While the director, Joe Johnston (The Wolfman, Hidalgo, Jurassic Park III,
October Sky, Jumanji, The Rocketeer), and his screenwriting team, Christopher
Markus and Stephen McFeely (with an uncredited script polish by Joss Whedon),
makes subtle and not-so-subtle nods to Raiders of the Lost Ark (e.g., Hitler’s
obsession with the occult, the Cosmic Cube as a game- and war-changer), Johnston
and his screenwriters decided to push the Nazis into the background, making
Schmidt and HYDRA Captain America’s enemies. With HYDRA as the enemy, Johnston
and Marvel Studios hoped to avoid tired World War II tropes and/or treating the
Nazis as ridicule-ready, entertainment fodder as, arguably, Raiders of the Lost
Ark did thirty years ago. That, some critics have argued, would mock the very
real sacrifices and lives lost during World War II.
On a lighter note, "Captain America: The First Avenger" unquestionably succeeds
where "Iron Man
II" failed, integrating macro, world-building components necessary for
Marvel’s shared superhero project (a.k.a., "The Avengers") to succeed next
summer, including, perhaps significantly, a prominent role for Howard Stark
(Dominic Cooper), none other than Anthony “Iron Man” Stark’s father. As depicted
here, the elder stark resembles Howard Hughes. He’s an ultra-successful
businessman with close ties to the U.S. government due to defense contracts.
He’s borderline arrogant, always suave, and, suggested more than show, a ladies’
man, a combination, we can presume, that led to a lifetime of friction and
disconnection with his only son. Nick Fury (Samuel L. Jackson) makes the
obligatory appearance here, but only in one, exposition-tilted scene. We’ll see
more of Fury and the other Avengers (e.g., Tony Stark/Iron Man, Thor, Bruce
Banner/Hulk, Hawkeye, Black Widow) next summer. If "Captain America: The First
Avenger" is any indication, "The Avengers" will be more than worth the wait.
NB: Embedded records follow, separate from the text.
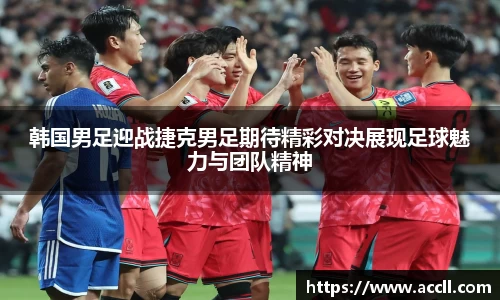 韩国男足迎战捷克男足期待精彩对决展现足球魅力与团队精神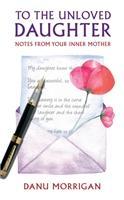 Cover: 9780232533828 | To the Unloved Daughter | Notes from your Inner Mother | Danu Morrigan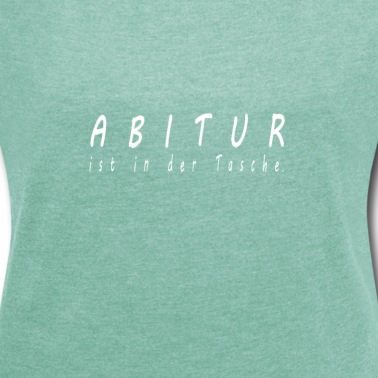Abschluss T-Shirt - Abitur ist in der Tasche -Abschluss-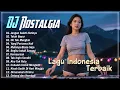 Download Lagu DJ REMIX LAGU NOSTALGIA INDONESIA || Lagu Kenangan Spesial Teman Bersantai Di Cafe Dan Dirumah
In an era where we’re obsessed with dark and brooding superheroes, director Joe
Johnston’s Captain America is a breath of fresh air. He reminds us that
superheroes don’t have to be dark and disturbed to be interesting, they don’t
need cracks and flaws to earn our affection, they don’t have to be alien gods or
magic motorcycle riding demons. Captain America in his own simple way embodies
much of what's noble and good about humanity. Joe Johnston has crafted a
breathlessly entertaining popcorn movie that unambiguously embraces its hero’s
old-fashioned sensibilities, and invites us to embrace them as well.